1. Rio Grande Gorge Bridge, near Taos
This steel bridge has the honor of being the second highest bridge in the U.S. Highway System and the fifth tallest in the nation. On the one hand, this equates to jaw-dropping views. On the other hand, anyone with vertigo is likely to be left weak-kneed when confronted with the 650-foot drop.
2. Mexican Canyon Trestle, near Cloudcroft
This old railway bridge was originally part of the Alamogordo & Sacramento Mountain Railroad. It was created primarily to haul lumber down from the mountains. Cars eclipsed rail travel so, in 1948, the train stopped running, leaving this beautiful wooden structure behind.
3. Rio Puerco Bridge, exit 140 off I-40
Constructed in 1933, this 250-foot long bridge has a Parker truss design and used to be part of Route 66. As a result, it is now on the National Register of Historic Places. Although closed to vehicles, you can still walk across it.
4. The bridges spanning Route 285, near Pojoaque
New Mexico is a state that values art, even on bridges. This is particularly apparent along the stretch of Route 285 north of Santa Fe that cuts through tribal land—the bridges are painstakingly decorated.
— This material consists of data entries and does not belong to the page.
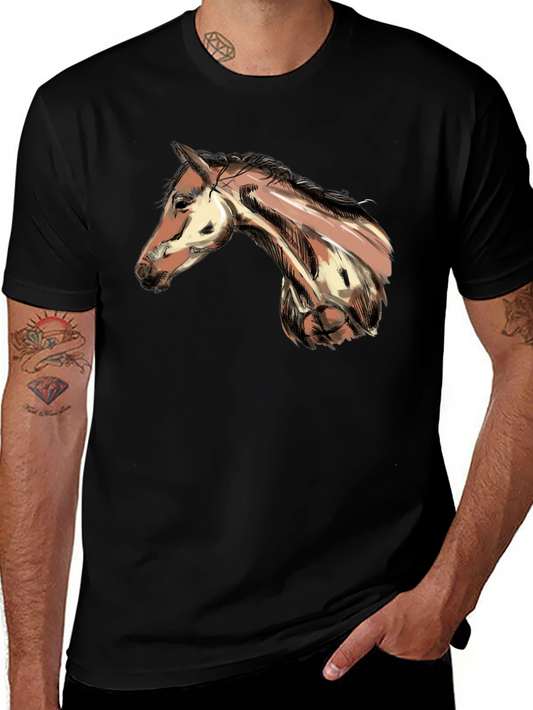 Horse Graphic T-Shirt - Mens Black Tee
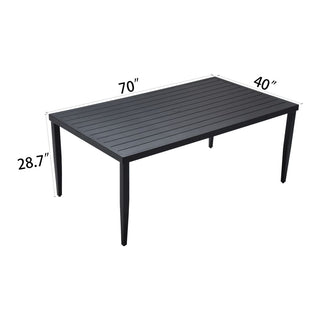 Outdoor Patio Aluminum 40"x70" Rectangle Dining Table with Tapered Feet & Umbrella Hole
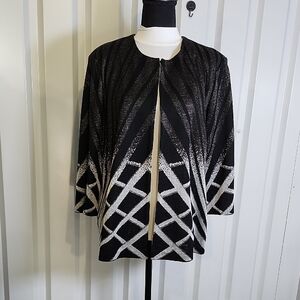 Ming Wang Womens Black Silver Sparkle Knit Jacket Cardigan Top Size XL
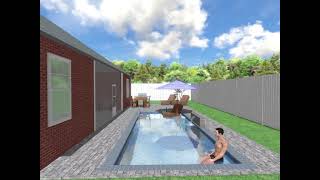 10'x26' Rectange pool with 6'x8' tanning ledge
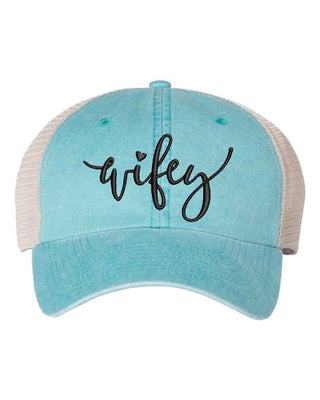 Embroidered Wifey/Hubby Pigment - Dyed Trucker Hat – Anniversary Gift Cap - A Roese Boutique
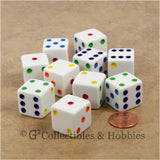 D6 19mm Opaque White with Multi-Color Pips 10pc Dice Set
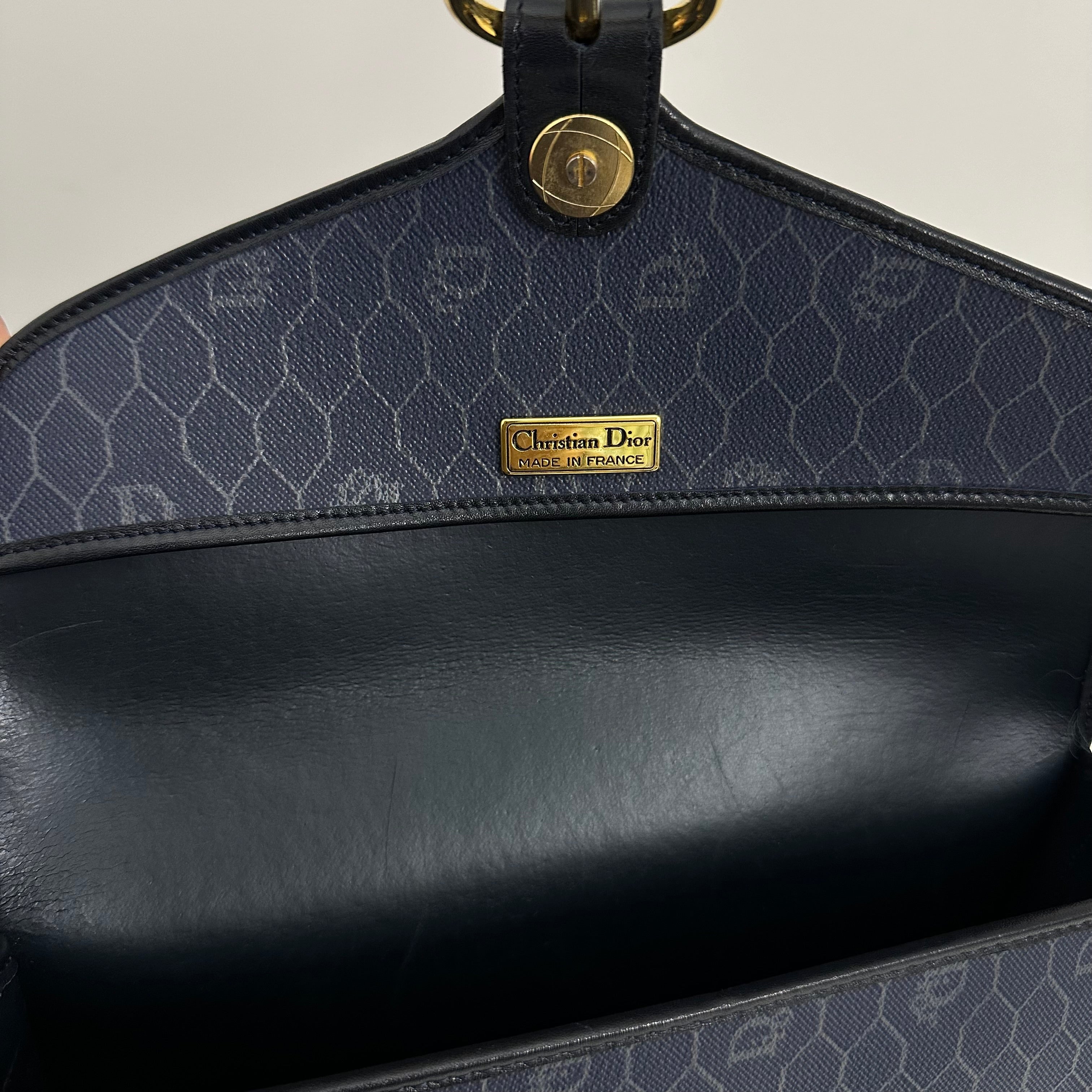 Navy Honeycomb Crossbody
5. Otowi Suspension Bridge, near San Ildefonso
Listed on the National Register of Historic Places, this bridge crosses the Rio Grande in Santa Fe County.
6. The Green Bridge, Las Cruces
The Green Bridge, the state’s oldest steel highway bridge, is spending its retirement basking in the sun at the New Mexico Farm and Ranch Heritage Museum!
7. Fort Sumner Railroad Bridge, Fort Sumner
This railroad bridge is over one hundred years old—it was built in 1906—and straddles the Pecos River. When the bridge was under construction, a worker fell to his death into one of the upright supports, which contained wet concrete. The foreman saw no need to halt work, so the crewmember’s body remains there to this day.
8. Percha Creek Bridge, near Hillsboro
This 1927 bridge scored a spot on the National Register for historic places. A newer bridge now handles traffic flow and runs virtually alongside the old one.
9. Rio Grande Bridge, Radium Springs
New Mexico actually has quite a few bridges on the National Register for historic places, including this wooden one.
10. Bridge in the Sasebo Japanese Garden, Albuquerque
Admittedly, this bridge doesn’t traverse any deep canyons or provide access to remote places, like some of the other structures on this list, but it’s still lovely. Nestled inside Albuquerque’s Biopark, it helps you to explore the tranquility of the Japanese Garden.